── RECORDS SHOWN ──
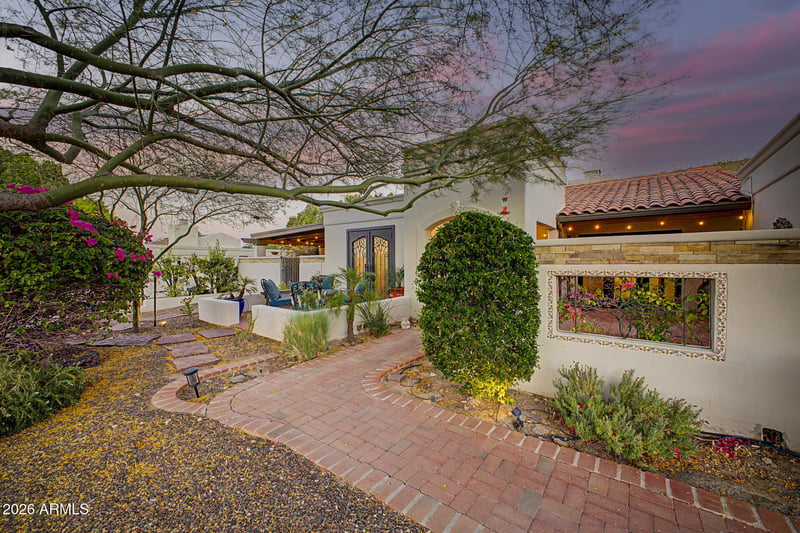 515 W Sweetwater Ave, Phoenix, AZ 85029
───
── RECORDS SHOWN ──
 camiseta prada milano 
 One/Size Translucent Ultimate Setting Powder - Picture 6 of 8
───
── RECORDS SHOWN ──
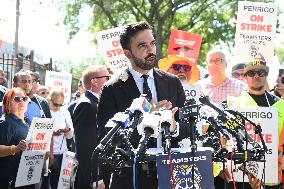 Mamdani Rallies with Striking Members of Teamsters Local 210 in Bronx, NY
───
#### TO DO:
Of the entries above, repeat exactly the lines between the line with "camiseta prada milano" and the line with "One/Size Translucent Ultimate", inclusive, and no others.

#### TASK RESPONSE:
 camiseta prada milano 
 One/Size Translucent Ultimate Setting Powder - Picture 6 of 8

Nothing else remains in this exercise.